O problema é que, como em todas as guerras, a primeira vítima é a verdade sobre a situação real do país. Também não existe um projeto que seja capaz de reunificar a nação, profundamente dividida. O Brasil setentrional é vermelho, graças à aliança do PT com as velhas oligarquias nordestinas; o meridional é azul, em razão do descontentamento da classe média e dos setores ligados ao agronegócio. A eleição será decida pelos eleitores da região Sudeste, principalmente São Paulo, Minas e Rio de Janeiro. As pesquisas de opinião desta semana tendem a confirmar esse cenário.  O que pode funcionar como algodão entre os cristais nessa disputa são as instituições políticas e a federação. Embora os dois principais candidatos tenham características centralizadoras e defendam um presidencialismo vertical, há que se considerar que nenhum terá maioria de votos no Congresso, seja no Senado, seja na Câmara, nem controle sobre o Judiciário, Além disso, haverá o contraponto dos governadores eleitos, praticamente todos eles políticos de carreira, alguns dos quais em segundo mandato. São essas forças que poderão mitigar o radicalismo registrado no pleito.

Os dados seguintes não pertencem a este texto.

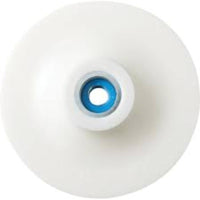 Kennedy Flexible Backing Pad M10 x 1.25 for 100mm Disc | Sanding Polishing Tool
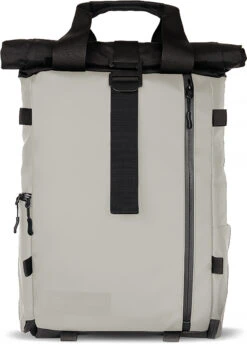 PRVKE Lite Camera Rucksack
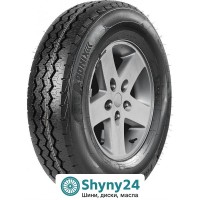 Sonix Primevan 9 235/65 R16C 115/113R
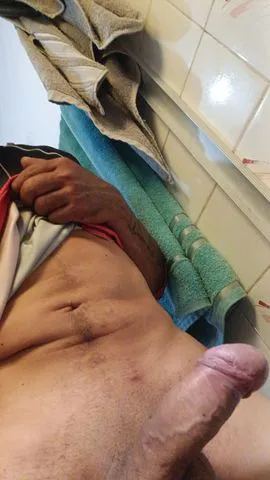 Vem conversar no wats e vamos uq dar ... tudo sem presa em total sigilo com total prazer e gozada garantida 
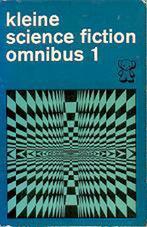 1 bruna sf Kleine science fiction omnibus 9789022990452, Boeken, Verzenden, Gelezen, Bundel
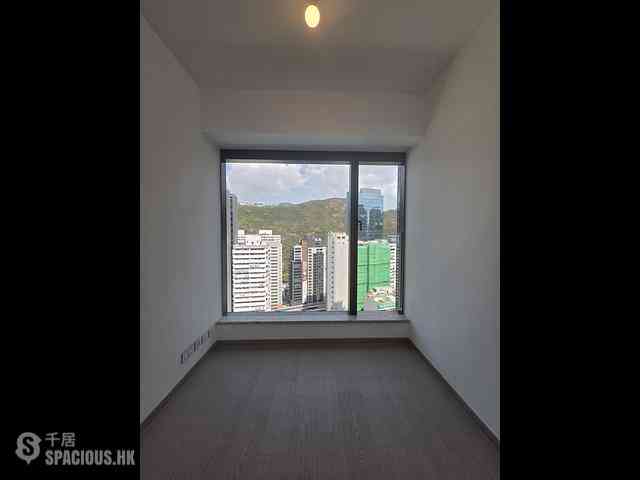 Wong Chuk Hang - The Southside Phase 3B Blue Coast 07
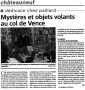 documents:public:images:articles_presse:2009_03_nice_matin_pre_du_lac_bis.jpg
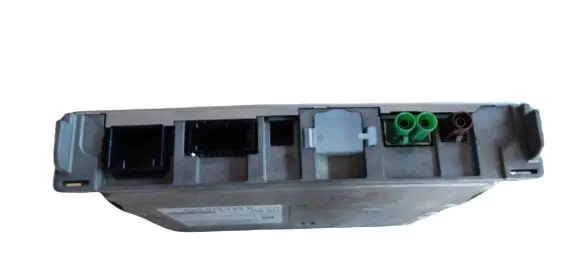 Audi A3 S3 8V Video control module 8V0919129B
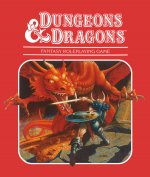 E6e7 dungeons dragons E6e7 dungeons dragons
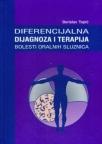 Diferencijalna dijagnoza i terapija bolesti oralnih sluznica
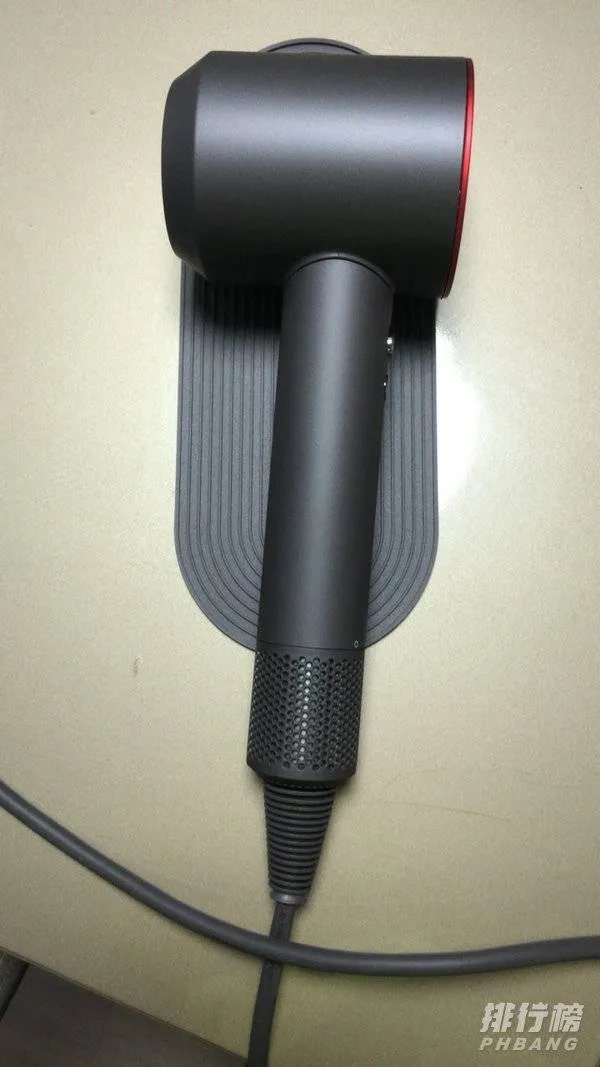 戴森吹风机hd03和hd08的区别_戴森吹风机hd03和hd08哪个好
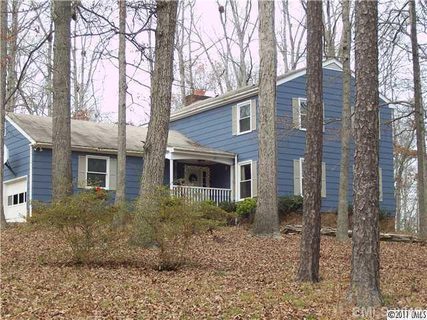 724 Acorn Acres Road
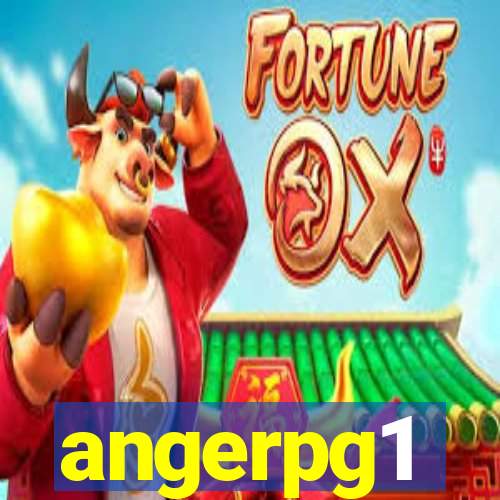 angerpg1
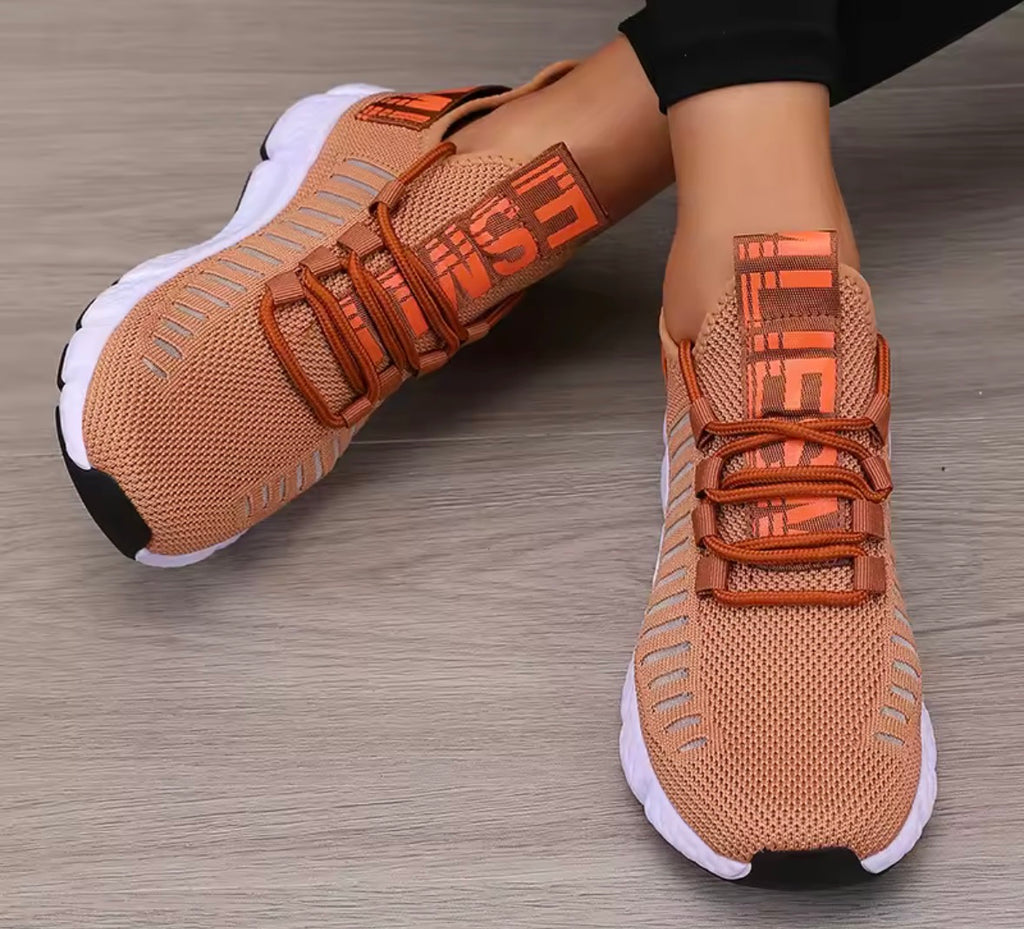 Women’s Trainers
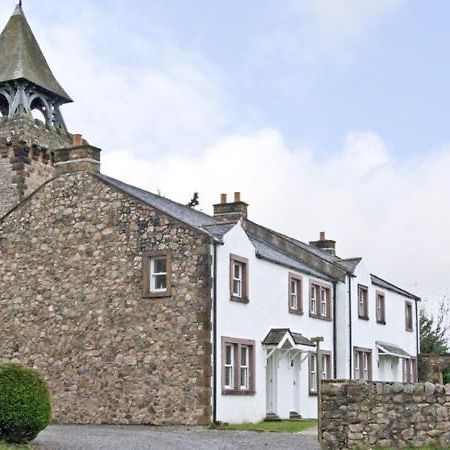 William Court Cottage Santon Bridge Buitenkant foto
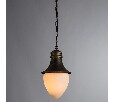 Подвесной светильник Arte Lamp Vienna A1317SO-1BN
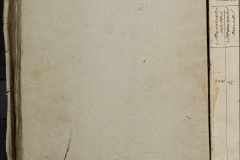 0168-001-311-312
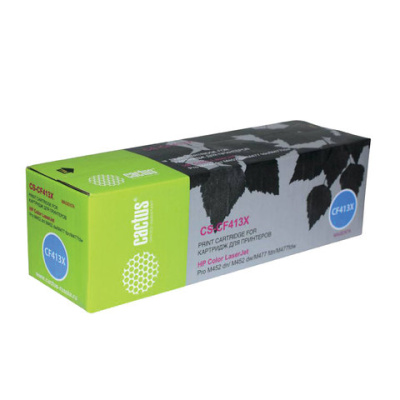 Картинка с сайта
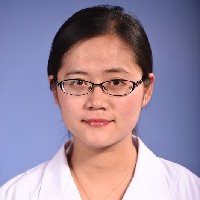 陈苗苗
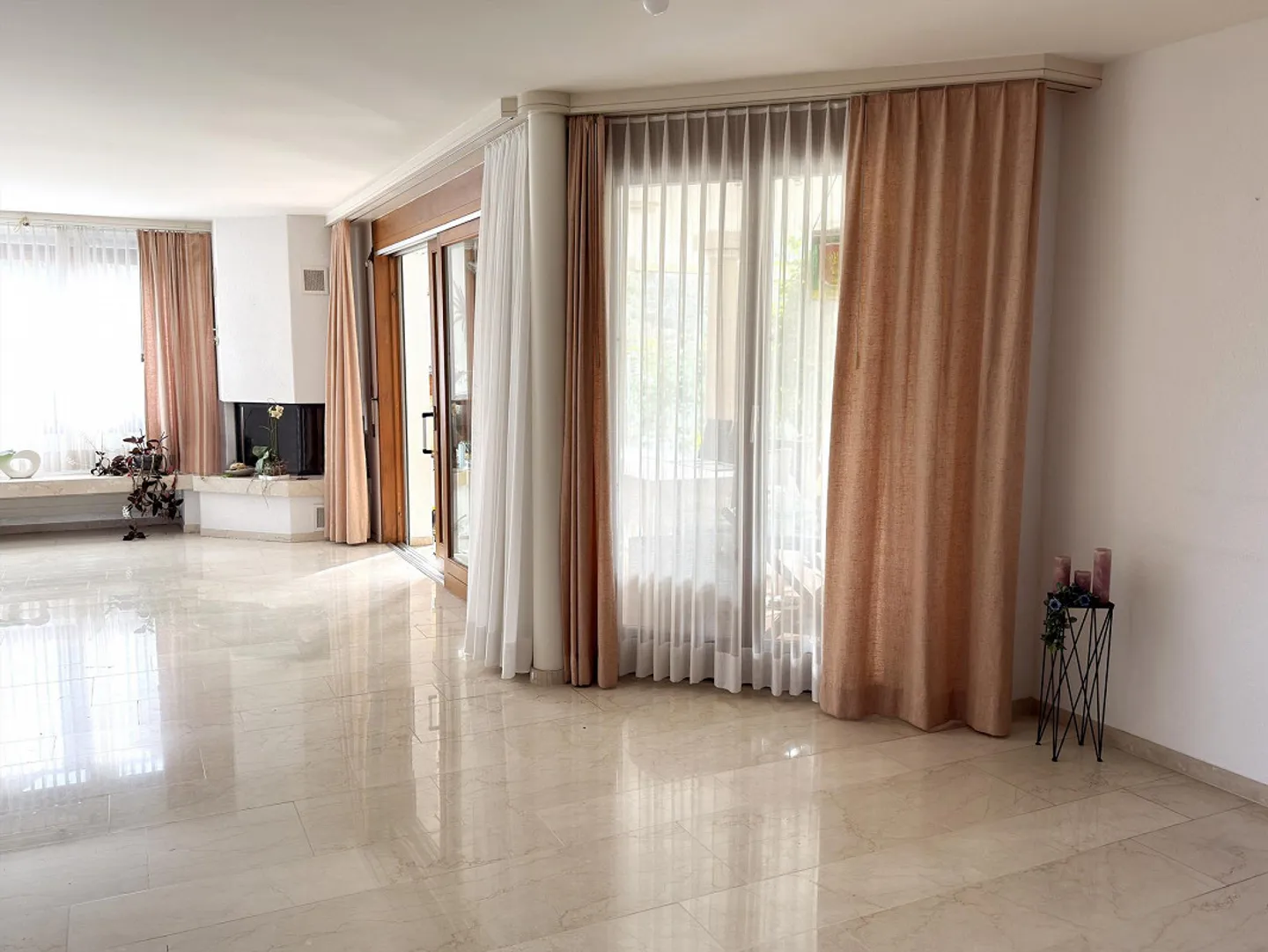 Maison de rêve avec vue dégagée - Photo 6 sur 8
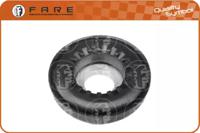 Fare 2518 Підшипник опори амортизатора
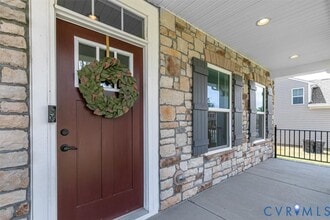 10430 Eagle Ct in Hopewell, VA - Building Photo - Building Photo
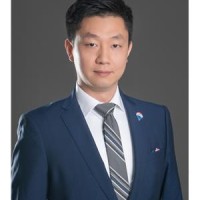 ESON ZHONG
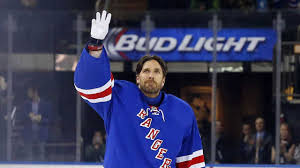 304,128 likes · 107 talking about this. Rangers Buy Out Henrik Lundqvist S Contract Newsday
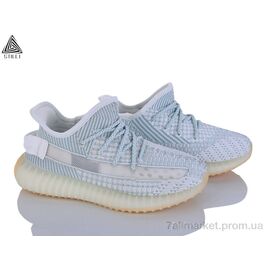 Кросівки жіночі модні Літо 999-10 (8 пар р.36-41) "STILLI Group" недорого оптом від прямого постачальника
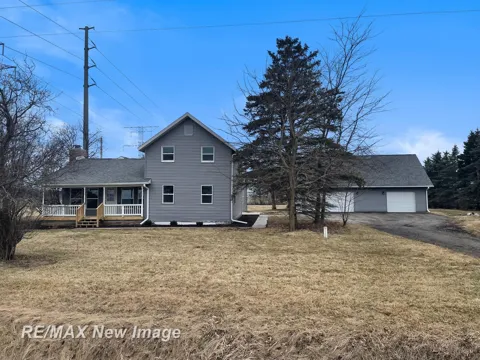 3874 E Kent Road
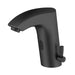 Cascada WaveTouch Matt Black Touchless Bathroom Faucet with Hot & Cold Mixer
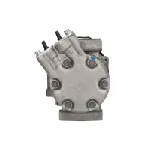 Kompresor, klima-uređaj AIRSTAL 10-0453 IC-AC261C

Se a eleição for decidida no segundo turno, o que ainda é mais provável, haverá necessidade de os candidatos derivarem ao centro em busca de alianças e assumir compromisso com garantias e salvaguardas de caráter democrático. Será uma nova eleição, embora também polarizada, com a diferença de que Bolsonaro será beneficiado pela paridade de meios de comunicação e a recuperação da saúde, o que pode ter reflexo na sua campanha. Em contrapartida, caso se confirme a presença de Fernando Haddad no segundo turno, o candidato do PT tende a ter mais apoio entre as forças políticas. Na sociedade, porém, o ambiente belicoso deixará muitas sequelas, porque muitos não têm clareza de que a alternância de poder e o direito ao dissenso são pilares da democracia.